To truly mainstream BIPV and net zero-energy buildings, architects and developers must design structures with solar PV from the beginning, rather than apply it as an afterthought to the structure. This will necessitate looking holistically at a new project, determining prior to commencement of construction what a building’s energy consumption will be, as well as its carbon footprint and ecological impacts. Armed with these insights and knowledge, there are increased opportunities to design and build world-class, aesthetic buildings with solar PV in their skins.
Products offering the greatest energy yield affordably and efficiently will prove to be the perennial winners in a competitive market. Reputable solar manufacturers offer 25-year warranties on power, performance, and workmanship of solar panels. Increasingly better rates of cell and panel efficiency continue to be drivers when it comes to lasting success.
The industry is on the threshold of a new era in design and construction of homes and commercial structures. There will be demand for solar-outfitted rooftops, windows, walls, and building façades, especially since many commercial buildings do not have a practical way of offsetting energy costs due to the constraints posed by limited rooftop space.
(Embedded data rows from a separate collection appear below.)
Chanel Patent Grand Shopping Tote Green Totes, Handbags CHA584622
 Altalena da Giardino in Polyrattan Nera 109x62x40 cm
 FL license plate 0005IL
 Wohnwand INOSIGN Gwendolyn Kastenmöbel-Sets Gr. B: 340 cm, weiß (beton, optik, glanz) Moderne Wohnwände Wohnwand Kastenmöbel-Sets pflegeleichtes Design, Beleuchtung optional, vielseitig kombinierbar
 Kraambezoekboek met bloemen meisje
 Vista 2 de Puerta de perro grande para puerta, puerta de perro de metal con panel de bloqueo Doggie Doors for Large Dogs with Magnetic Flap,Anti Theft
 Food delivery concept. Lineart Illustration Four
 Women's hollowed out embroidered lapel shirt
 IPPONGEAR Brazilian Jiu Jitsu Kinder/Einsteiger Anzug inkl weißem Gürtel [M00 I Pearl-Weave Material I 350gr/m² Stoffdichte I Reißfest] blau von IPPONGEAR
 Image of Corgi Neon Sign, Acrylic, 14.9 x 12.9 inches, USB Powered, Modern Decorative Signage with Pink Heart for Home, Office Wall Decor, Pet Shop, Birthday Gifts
Structures offer vast potential for generating clean electricity, while providing tremendous cost savings. There are significant opportunities to shift the operational power equation from energy net losses to net gains.
By deploying solar, developers, construction professionals, and building owners will increasingly be transforming structures into highly efficient generating assets with an aesthetically pleasing look.
Specifiers will be seeing increased demand for high-efficiency rooftop solar panels, as well as architecturally aesthetic PV embedded into structures. Undoubtedly, communities and municipalities will increasingly be requiring commercial structures that are ‘green’, and meet sustainability standards. Urban planners will be looking to specifiers for the latest in PV and energy storage technologies.
Cornell Tech’s net zero-energy campus in New York City, outfitted with PV panels, serves as an exemplar for rooftop solar power on new structures being designed and built through the United States. The new Kirin Beer facility in Yokohama, Japan, is an example of how beautiful BIPV can be deployed in a new building.
Solar innovations have the potential to drive global transformations in architecture, design, and construction to help meet the sustainability goals of today’s—and future—generations. The solar industry is geared up to respond. It promises to be an exciting time. The sky is the limit.